Over the past 14 months that Will Falk and I have been fighting the Thacker Pass lithium mine, one of the most common questions we’re asked by journalists has been “So if you oppose electric cars, what is your solution?”
At first, the question seems to be asking “how can we save the planet?” But that’s not actually what most people are asking, as becomes clear when we answer that question. Most people are actually asking “how can I still have a car, or the luxury that a car provides me, and not destroy the planet?”
And of course, the answer is, you can’t.
What they’re really saying is, “I like cars and I rely on them for my lifestyle, my work, and my enjoyment. I believed that electric cars would allow me to have all the benefits of car culture, with none of the harms. I cannot imagine a world without cars. You’re challenging the idea that electric cars are a solution, so what kind of alternative can you offer me?”

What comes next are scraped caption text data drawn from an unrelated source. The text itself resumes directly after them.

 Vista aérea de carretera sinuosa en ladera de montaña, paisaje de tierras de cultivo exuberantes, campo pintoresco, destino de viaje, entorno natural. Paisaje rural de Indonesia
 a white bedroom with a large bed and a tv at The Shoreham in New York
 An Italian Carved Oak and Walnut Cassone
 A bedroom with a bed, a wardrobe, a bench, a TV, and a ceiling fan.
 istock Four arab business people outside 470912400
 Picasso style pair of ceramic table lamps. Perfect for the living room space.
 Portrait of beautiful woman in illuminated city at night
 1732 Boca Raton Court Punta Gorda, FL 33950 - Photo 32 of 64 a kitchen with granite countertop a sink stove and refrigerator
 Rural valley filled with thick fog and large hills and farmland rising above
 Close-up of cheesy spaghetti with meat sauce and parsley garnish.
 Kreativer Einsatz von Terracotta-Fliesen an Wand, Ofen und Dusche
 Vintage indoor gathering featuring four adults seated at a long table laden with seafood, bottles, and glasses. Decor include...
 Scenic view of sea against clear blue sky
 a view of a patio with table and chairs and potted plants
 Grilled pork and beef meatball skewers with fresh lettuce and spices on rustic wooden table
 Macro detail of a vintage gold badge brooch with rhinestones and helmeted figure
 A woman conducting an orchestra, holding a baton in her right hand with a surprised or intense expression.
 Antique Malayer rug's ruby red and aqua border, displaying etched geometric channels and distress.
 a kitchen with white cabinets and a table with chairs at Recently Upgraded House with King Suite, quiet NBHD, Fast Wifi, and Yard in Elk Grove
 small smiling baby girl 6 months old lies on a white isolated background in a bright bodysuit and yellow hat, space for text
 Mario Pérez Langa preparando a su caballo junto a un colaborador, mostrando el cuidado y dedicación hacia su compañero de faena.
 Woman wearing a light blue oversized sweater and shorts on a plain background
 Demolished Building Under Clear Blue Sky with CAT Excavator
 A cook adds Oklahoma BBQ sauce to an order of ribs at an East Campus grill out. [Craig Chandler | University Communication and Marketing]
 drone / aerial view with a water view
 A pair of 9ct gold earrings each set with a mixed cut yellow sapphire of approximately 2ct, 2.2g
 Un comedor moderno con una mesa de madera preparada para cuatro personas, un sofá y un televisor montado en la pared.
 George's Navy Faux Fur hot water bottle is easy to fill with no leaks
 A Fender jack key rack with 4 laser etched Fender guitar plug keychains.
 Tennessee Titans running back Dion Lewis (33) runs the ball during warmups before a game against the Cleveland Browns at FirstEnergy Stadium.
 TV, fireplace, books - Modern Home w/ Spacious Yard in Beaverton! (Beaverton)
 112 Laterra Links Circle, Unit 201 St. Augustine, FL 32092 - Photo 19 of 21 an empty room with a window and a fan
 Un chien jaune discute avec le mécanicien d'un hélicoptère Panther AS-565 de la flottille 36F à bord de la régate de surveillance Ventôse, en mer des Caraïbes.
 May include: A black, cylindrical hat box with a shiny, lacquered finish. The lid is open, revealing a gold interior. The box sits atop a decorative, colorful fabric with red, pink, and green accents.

Many people pose this question as a sort of “gotcha,” as if it were my responsibility to provide simple solutions and cater to their consumer demands—as if they were wishing that I would have an alternative battery technology or alternative green car or some other sort of product that I could sell them. This is because we’re trained to be passive consumers, not active political subjects, the shapers of our future society.
So, when I tell people that the ecological crisis—including global warming—will not be solved by buying products, but rather by a transformation of our society and dramatically scaling back our population, consumption, and impact on the planet, many people, especially journalists, seem confused.
Their reaction reminds me of the iconic hubris of George H.W. Bush, stating that “The American way of life is not up for negotiation” before the 1992 Rio Earth Summit.
What’s really not up for negotiation are the ecological limits which are rapidly imposing themselves upon us. Physics is not a debate, and neither is biodiversity collapse or the chemical poisoning of the only planet known to support life.
Lewis Mumford was one of the most important American philosophers, and one of the world’s most important thinkers on technology. He said it very clearly: “Restore human legs as a means of travel. Pedestrians rely on food for fuel… Forget the damned motor car and build the cities for lovers and friends.”
The American way of life is, in fact, negotiable. It must change. And so must the entire world economy. Political leaders seem to mostly ignore this truth in favor of technotopian fantasies. So we are going to have to change the world ourselves. That means getting organized and taking action. It means building our own institutions and collaborating on projects that are both realistic, starting in the here and now, and rapidly move toward the world that is necessary. That’s what we’re doing at Thacker Pass, and the fight doesn’t end here. This is generational work, and we need all hands on deck.